Retype each record below word for word. Leave the pictures out.

- Source material -
>>>>

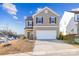 Two-story house with neutral siding, attached garage, and landscaping at 128 Mooring Dr, Statesville, NC 28677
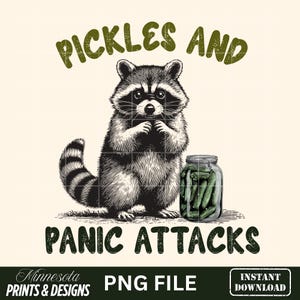 May include: A black and white illustration of a raccoon with a jar of pickles. The text above reads "PICKLES AND" and below reads "PANIC ATTACKS". The image also includes the text "Minnesota PRINTS & DESIGNS" and "PNG FILE".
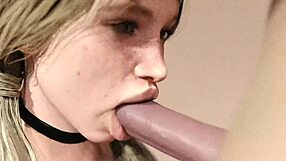 blond girl giving suggestive blowjob to big white monster cock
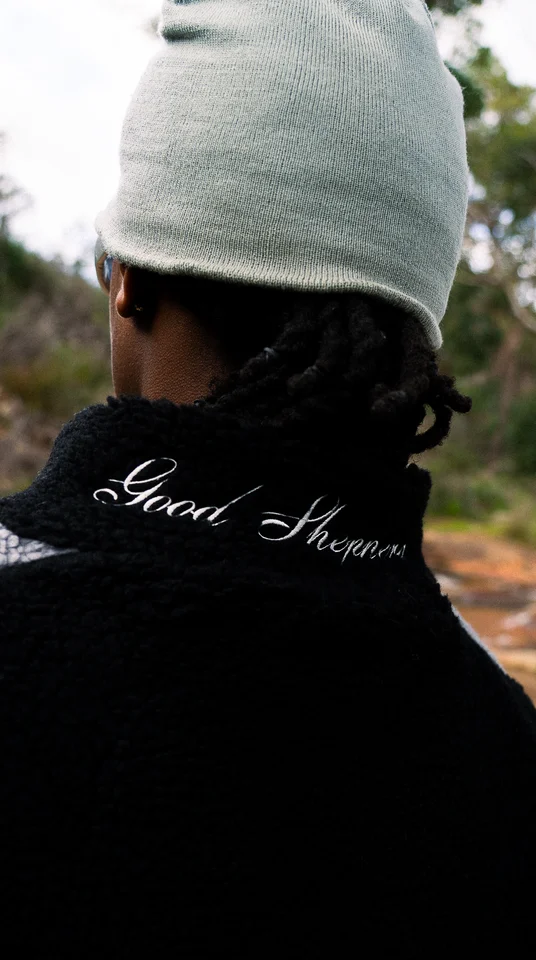 Back detail of a grey beanie and an embroidered black jacket collar.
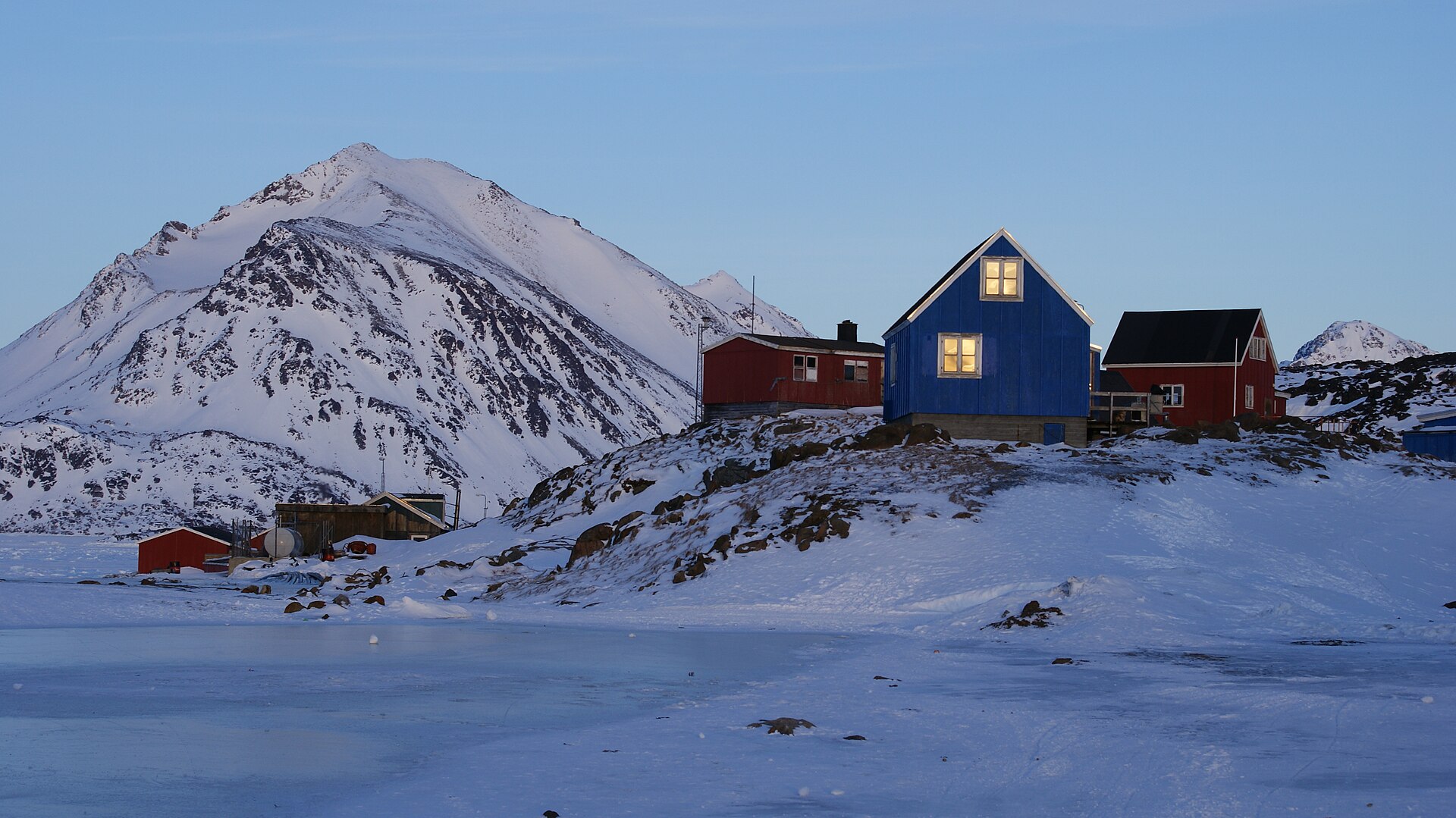 A blue house beneath snow-covered mountains at winter sunset in Kulusuk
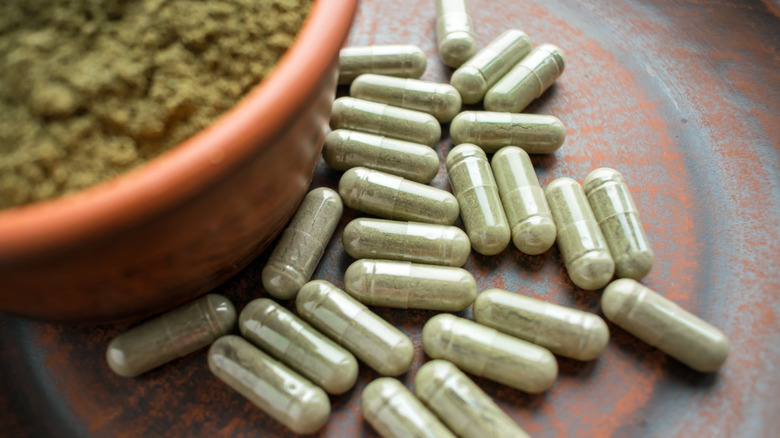 Green powder capsules on plate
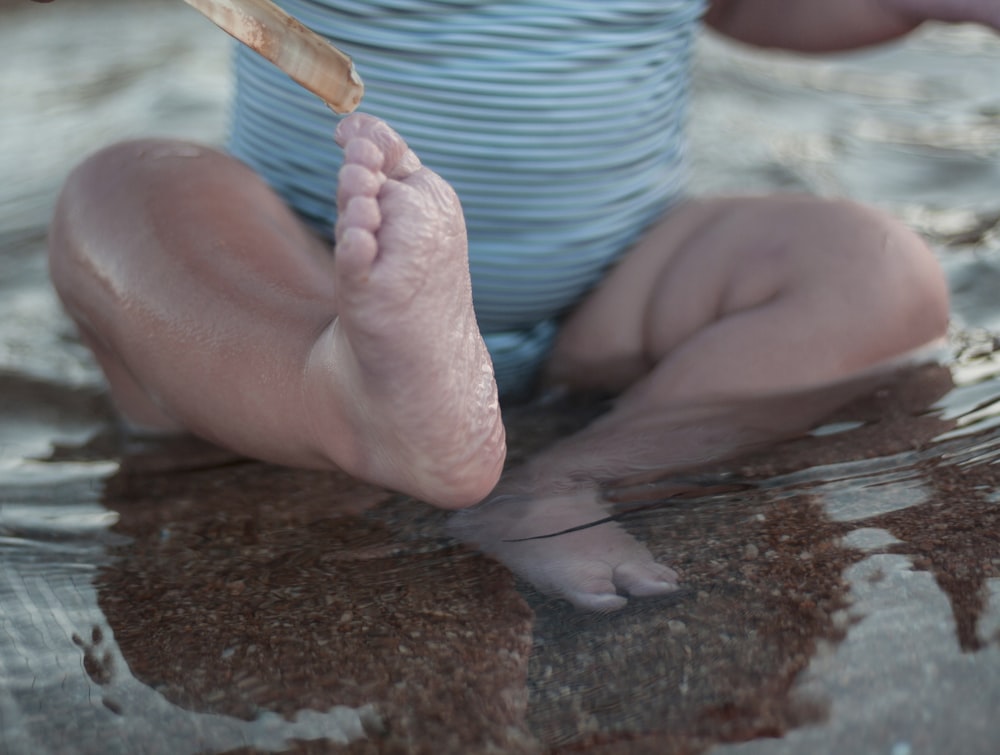 a person sitting in a body of water with their feet in the water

<<<<

- Written solution -
 Two-story house with neutral siding, attached garage, and landscaping at 128 Mooring Dr, Statesville, NC 28677
 May include: A black and white illustration of a raccoon with a jar of pickles. The text above reads "PICKLES AND" and below reads "PANIC ATTACKS". The image also includes the text "Minnesota PRINTS & DESIGNS" and "PNG FILE".
 blond girl giving suggestive blowjob to big white monster cock
 Back detail of a grey beanie and an embroidered black jacket collar.
 A blue house beneath snow-covered mountains at winter sunset in Kulusuk
 Green powder capsules on plate
 a person sitting in a body of water with their feet in the water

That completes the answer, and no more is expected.